HRANAHEE! A pandemonium of sirens, alarm bells and whistles brought all Warsaw business to a stop, just before Chancellor Hitler received in Berlin the new Polish "Goodwill Minister," suave M. Jozef Lipski. WHAM! Enemy planes scored direct hits on Warsaw's main railway station with confetti bombs as station employes touched off cannon crackers and released a flock of pigeons. Clang! Clang! Fire engines dashed through Warsaw to pretend to put out fires which blazed on the roofs struck by confetti bombs. The crackling, roaring flames were real but they belched from flame pots always under control.
To "save" Warsaw, zealous Polish defenders released clouds of artificial fog, supposed to blind the enemy planes. Citizens, who had been warned day before to reinforce the windows of their homes and offices with paper strips, were sternly warned to stay indoors "in case of gas attack." The attack came, though it was only tear gas and only a few unwary citizens were caught in the streets, promptly to be rescued by Red Cross volunteers wearing gas masks. Warsaw, a city of 1,200,000, was paralyzed by the sham raid for seven hours. That night the Government shut off all electric current to remind Warsawites that their central power station was supposed to have been destroyed.
"There were no casualties at all!" boasted a proud official of the War Ministry. "Now in our raid in Vilna several people were injured by large bags of straw dropped by the somewhat over-zealous attacking forces."
Morning after, weary Warsawites read in their papers that while their capital was being "attacked" Herr Hitler and M. Lipski had had a most amicable conversation in Berlin. They kept off the subject of the Polish Corridor which Germany would like to have and Poland is resolved to keep. In purely general but significant terms they issued a communique which, while binding nobody, contained an oral non-aggression pledge. "Germany and Poland," they declared, "renounce any use of force in their mutual relations."
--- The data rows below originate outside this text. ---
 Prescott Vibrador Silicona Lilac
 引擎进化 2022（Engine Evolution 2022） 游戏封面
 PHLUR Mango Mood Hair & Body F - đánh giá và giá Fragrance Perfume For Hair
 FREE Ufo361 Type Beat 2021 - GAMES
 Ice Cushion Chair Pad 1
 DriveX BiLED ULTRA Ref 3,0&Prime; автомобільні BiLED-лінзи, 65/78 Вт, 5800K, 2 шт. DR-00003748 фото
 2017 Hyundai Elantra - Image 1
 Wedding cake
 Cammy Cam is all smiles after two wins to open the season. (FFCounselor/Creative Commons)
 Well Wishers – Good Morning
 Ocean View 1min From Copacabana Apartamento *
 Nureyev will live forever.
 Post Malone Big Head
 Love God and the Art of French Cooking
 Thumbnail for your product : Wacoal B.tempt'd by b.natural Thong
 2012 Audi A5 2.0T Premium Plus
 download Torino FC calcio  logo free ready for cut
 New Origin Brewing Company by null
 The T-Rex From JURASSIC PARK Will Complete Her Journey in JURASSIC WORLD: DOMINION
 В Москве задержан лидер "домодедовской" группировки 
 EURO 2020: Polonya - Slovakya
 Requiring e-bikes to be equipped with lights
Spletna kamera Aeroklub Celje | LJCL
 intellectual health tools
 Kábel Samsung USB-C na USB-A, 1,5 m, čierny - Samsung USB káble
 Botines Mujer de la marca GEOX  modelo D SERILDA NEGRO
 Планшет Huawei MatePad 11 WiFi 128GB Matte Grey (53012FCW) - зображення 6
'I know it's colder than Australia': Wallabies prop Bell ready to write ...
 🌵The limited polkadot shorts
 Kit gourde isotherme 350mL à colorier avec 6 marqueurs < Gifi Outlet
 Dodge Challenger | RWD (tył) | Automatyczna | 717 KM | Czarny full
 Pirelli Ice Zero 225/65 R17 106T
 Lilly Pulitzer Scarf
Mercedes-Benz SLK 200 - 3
Always quarrelsome, Warsaw editors were instantly at each other's throats in interpreting the Lipski-Hitler communique. "It does not inspire even the most moderate optimism," gloomed the conservative Kurjer Warszawski. But the also conservative Gazeta Polska hailed it as "one of the most important events of the last 15 years, in view of the fact that Polish-German relations have been generally regarded as the tinder box of Europe."
Neutral observers recalled that Poland, which has always relied on France as her champion against Germany, has grown increasingly nervous since Britain, France, Germany and Italy signed Benito Mussolini's Four Power Pact (TIME, June 19). What if this "Big Four" should start negotiating secretly among themselves? What if they should evolve behind Poland's back their own solution of the Corridor Question and try to force it upon Poland "for the general good of Europe?''* In Paris the Lipski demand at Berlin was interpreted as a warning to France that Poland, too, can play, in case of dire necessity, the game of betraying an ally and making secretly the best terms she can with Germany. Promptly certain French and even British papers broke out in a rash of warnings to the Polish Government against falling into a German trap.
Le Petit Parisien splashed out what purported to be the text of a secret memorandum from German Minister of Propaganda and Public Enlightenment Dr. Paul Joseph Goebbels for the guidance of German diplomats. Excerpts: "Toward Poland the National Socialist Government of Germany has adopted for the moment a more conciliatory policy. Indeed, special efforts are being made to obtain in a different fashion the satisfaction of Germany's claims [to the Corridor]. It goes without saying that these claims have in no way been abandoned."
When fiery, club-footed Dr. Goebbels denied at Berlin the existence of any such memorandum signed by him, Editor Albert Jullien of Le Petit Parisien snorted, "Instead of denying the policy the German Government denies the existence of the document. ... It goes without saying that we consider this denial worthless and that we maintain in the most formal manner the absolute exactitude and complete authenticity of the document."
*British Prime Minister MacDonald is said to lean toward a solution which would: 1) give the present Polish Corridor to the Reich, thus uniting Germany proper with East Prussia; 2) provide Poland with a new corridor to the sea around the eastern end of East Prussia-an arrangement which Poles violently oppose since they patriotically hold that their present access to the sea is not a mere "corridor" at all but the historically Polish province of Pomorze.